>>>>>
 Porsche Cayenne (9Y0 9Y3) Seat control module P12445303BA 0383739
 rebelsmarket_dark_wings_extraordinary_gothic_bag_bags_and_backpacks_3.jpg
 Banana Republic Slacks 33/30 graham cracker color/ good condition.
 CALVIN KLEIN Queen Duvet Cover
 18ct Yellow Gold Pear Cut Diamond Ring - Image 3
<<<<<
>>>>>
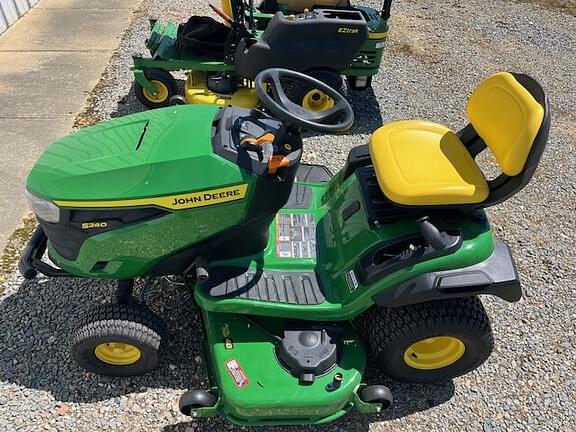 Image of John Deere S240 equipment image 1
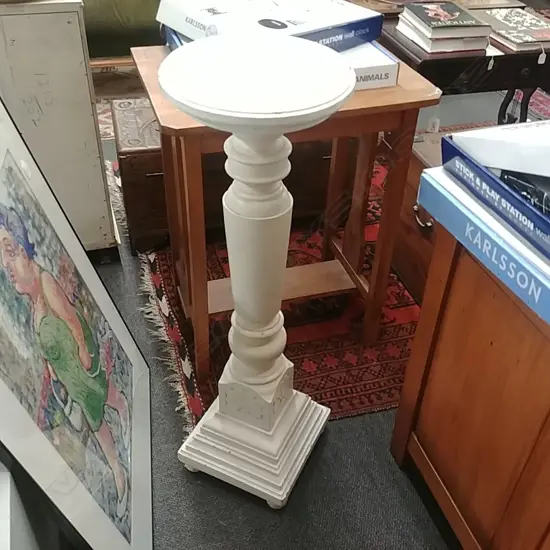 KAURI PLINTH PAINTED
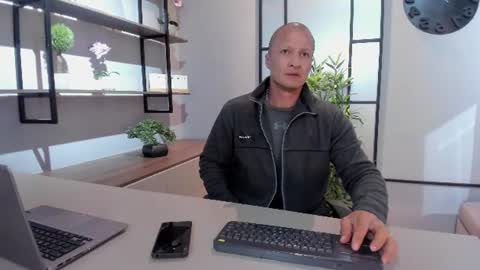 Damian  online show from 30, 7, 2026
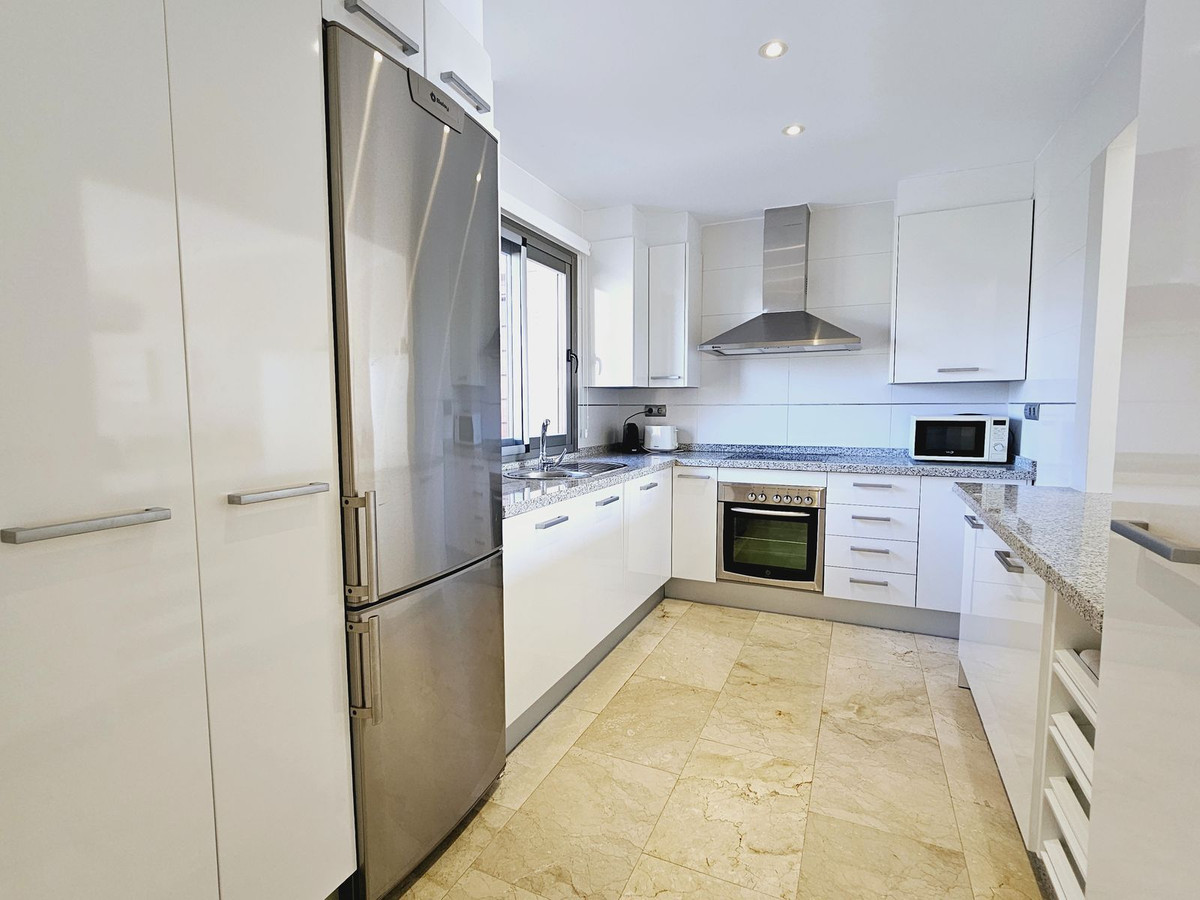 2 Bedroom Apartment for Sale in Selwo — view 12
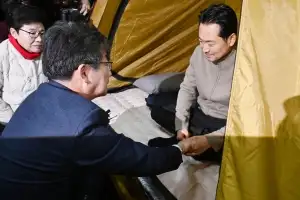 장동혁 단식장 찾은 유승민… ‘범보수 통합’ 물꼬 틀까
<<<<<
(REQUIREMENT):
Everything starting at the line containing "Porsche Cayenne (9Y0" and ending at the line containing "18ct Yellow Gold" in the records above should be repeated exactly, and only that.

(EXERCISE OUTPUT):
 Porsche Cayenne (9Y0 9Y3) Seat control module P12445303BA 0383739
 rebelsmarket_dark_wings_extraordinary_gothic_bag_bags_and_backpacks_3.jpg
 Banana Republic Slacks 33/30 graham cracker color/ good condition.
 CALVIN KLEIN Queen Duvet Cover
 18ct Yellow Gold Pear Cut Diamond Ring - Image 3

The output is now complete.